OK. I filtered what was left and heated it in AR. My particles got the hell outta there and went up the sides of the beaker and adhered. I swished my AR around to loosen them. . They held on. Either my particles are worthless somekindaplastic etc..bonding material that is impervious to acids or platinum that is so fine that the heat drives it out of the mix. I think the best plan is to melt a few 30gig+ foils together and then start a refining process.


----------



## badastro (Aug 17, 2007)

Hmm... looks interesting....

Don't use HCl and peroxide for platinum, use real aqua regia or poor mans aqua regia.

You'll have difficulty melting the foils by themselves. They won't melt even when white hot. The base metals will just oxidize. You will need some sort of carrier metal to melt them in. Aluminum will be the easiest, assuming the foils will dissolve in it.

I would suggest burning the foils to oxidize the base metals and then washing the ashes with HCl. I don't know if sulfuric acid will dissolve chromium oxide, but if it does then sulfuric will be a better choice.

Another posssible way to concentrate the platinum is to process the foils in a way similar to fire assaying since the amount of foils is so small anyway.

I think you should put your foils in test tubes instead of beakers.


----------



## badastro (Aug 19, 2007)

From a link provided by aflac, another way to deplate platters is to use an electrolytic process. The theory is that the oxidation from the power supply anodizes the aluminum under the plating causing the plating to shed off. The question then becomes what electrolyte to use...
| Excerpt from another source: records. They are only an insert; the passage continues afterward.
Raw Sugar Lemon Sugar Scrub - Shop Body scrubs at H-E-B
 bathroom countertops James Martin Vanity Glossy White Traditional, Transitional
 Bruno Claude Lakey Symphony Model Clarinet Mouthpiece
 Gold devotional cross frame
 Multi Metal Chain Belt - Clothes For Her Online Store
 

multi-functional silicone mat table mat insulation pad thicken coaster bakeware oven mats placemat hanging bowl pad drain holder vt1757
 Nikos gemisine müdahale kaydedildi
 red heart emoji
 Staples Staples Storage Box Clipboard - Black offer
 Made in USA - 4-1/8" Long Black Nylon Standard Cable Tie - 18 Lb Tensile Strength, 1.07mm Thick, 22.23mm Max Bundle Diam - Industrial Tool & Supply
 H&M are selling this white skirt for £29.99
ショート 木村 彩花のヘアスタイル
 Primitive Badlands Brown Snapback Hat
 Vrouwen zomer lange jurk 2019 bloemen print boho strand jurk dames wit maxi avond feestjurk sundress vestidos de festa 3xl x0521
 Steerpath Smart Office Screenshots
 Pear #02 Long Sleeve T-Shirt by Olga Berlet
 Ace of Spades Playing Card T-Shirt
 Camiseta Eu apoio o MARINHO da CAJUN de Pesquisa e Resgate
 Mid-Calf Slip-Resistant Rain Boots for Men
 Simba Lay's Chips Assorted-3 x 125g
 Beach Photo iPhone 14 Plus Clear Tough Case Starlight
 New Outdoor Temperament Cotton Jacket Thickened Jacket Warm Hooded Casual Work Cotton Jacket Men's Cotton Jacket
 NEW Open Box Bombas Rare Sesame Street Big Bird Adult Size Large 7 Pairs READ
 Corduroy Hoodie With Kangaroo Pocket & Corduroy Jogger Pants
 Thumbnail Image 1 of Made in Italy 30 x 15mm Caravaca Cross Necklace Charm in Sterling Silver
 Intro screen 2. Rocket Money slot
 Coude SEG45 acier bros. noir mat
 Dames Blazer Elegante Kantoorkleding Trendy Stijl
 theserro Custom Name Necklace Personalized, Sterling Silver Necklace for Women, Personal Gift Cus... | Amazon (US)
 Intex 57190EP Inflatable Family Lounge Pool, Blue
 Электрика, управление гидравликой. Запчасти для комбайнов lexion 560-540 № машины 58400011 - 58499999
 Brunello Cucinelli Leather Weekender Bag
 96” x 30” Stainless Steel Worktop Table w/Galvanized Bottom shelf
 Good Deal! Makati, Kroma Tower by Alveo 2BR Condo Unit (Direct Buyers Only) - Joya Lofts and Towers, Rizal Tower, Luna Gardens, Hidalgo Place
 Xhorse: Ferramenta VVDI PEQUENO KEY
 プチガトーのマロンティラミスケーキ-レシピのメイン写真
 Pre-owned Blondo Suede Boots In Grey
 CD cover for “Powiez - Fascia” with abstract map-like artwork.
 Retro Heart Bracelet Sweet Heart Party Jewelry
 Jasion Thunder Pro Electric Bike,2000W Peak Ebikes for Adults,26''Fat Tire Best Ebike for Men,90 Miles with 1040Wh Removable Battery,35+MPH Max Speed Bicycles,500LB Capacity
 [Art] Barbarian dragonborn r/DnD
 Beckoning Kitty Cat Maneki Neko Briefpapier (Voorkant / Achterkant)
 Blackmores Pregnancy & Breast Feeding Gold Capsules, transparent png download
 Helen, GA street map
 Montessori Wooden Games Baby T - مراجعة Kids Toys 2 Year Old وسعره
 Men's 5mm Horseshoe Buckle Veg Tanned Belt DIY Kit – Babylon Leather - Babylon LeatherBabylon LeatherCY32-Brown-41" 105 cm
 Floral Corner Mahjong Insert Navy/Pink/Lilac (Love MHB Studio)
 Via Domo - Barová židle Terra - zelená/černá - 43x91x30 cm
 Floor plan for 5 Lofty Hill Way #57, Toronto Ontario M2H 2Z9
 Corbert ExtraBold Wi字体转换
Also, regarding the super fine particles that seem to defy gravity, you can use a flocculant to gather up the particles. Some aquarium stores sell chemicals designed to floc particles in water to improve clarity.


----------



## Platdigger (Aug 19, 2007)

I used saturated salt water and a dash of sulfuric and a bat charger. Not sure if the sulfuric was needed....but it sure worked fast and easy.
Randy


----------



## badastro (Aug 23, 2007)

What do you do with the foils afterwards?


----------



## Platdigger (Aug 23, 2007)

I didn't take it any further. It was just an experiment to see how they came off. I am not even sure how many you could do before the solution would become loaded or foul. I don't have that many. Guess I was hoping someone on the forum would try it and see if they could take it further...


----------



## badastro (Aug 23, 2007)

Can you post pics of your setup including the acid solution after deplating?


----------



## Platdigger (Aug 29, 2007)

Sorry Sir, 
I just now noticed this post. It was a while ago, all I used was a 5 gallon bucket, I think a stainless plate and a battery charger. I can try it again if you like.
Randy


----------



## aflacglobal (Aug 29, 2007)

Platdigger said:


> Sorry Sir,
> I just now noticed this post. It was a while ago, all I used was a 5 gallon bucket, I think a stainless plate and a battery charger. I can try it again if you like.
> Randy



Now that's nice of you to offer Randy. :wink: 

Ask some of the guys, they can will tell you the right mixes to use.
Sounds basically like steves deplating cell, but for hard drives.


----------



## scavenger (Sep 13, 2007)

I've been reading Hoke. An interesting fact he mentions is that chromium and stainless are resistant to nitric unless platinum is present.


----------



## shadybear (Sep 18, 2007)

So if you melted the platters to a temp above aluminum's melting point but below platinum and rhodium wouldn't they float up just like with lead
and zinc(this process has a name)


----------



## Platdigger (Sep 18, 2007)

I believe platinum will disolve (or melt) into the aluminum at a much lower temperature than the melting point of pure platinum.
Randy


----------



## Platdigger (Sep 18, 2007)

I believe the process you refer to with lead and zink is called the parks process. It is were an ore or what have you with precious metals is melted into lead. Later zink is rabbled into the molten lead and stirred. The zink have higher anfinity for gold and other noble metals absorbs these. Then the zink is alowed to float to the top and is scimmed off.
Randy


----------



## Anonymous (Dec 18, 2009)

i have somewhat of a good idea for getting the aluminum out, but its pretty dangerous if you dont know what you're doing... and if your not outdoors.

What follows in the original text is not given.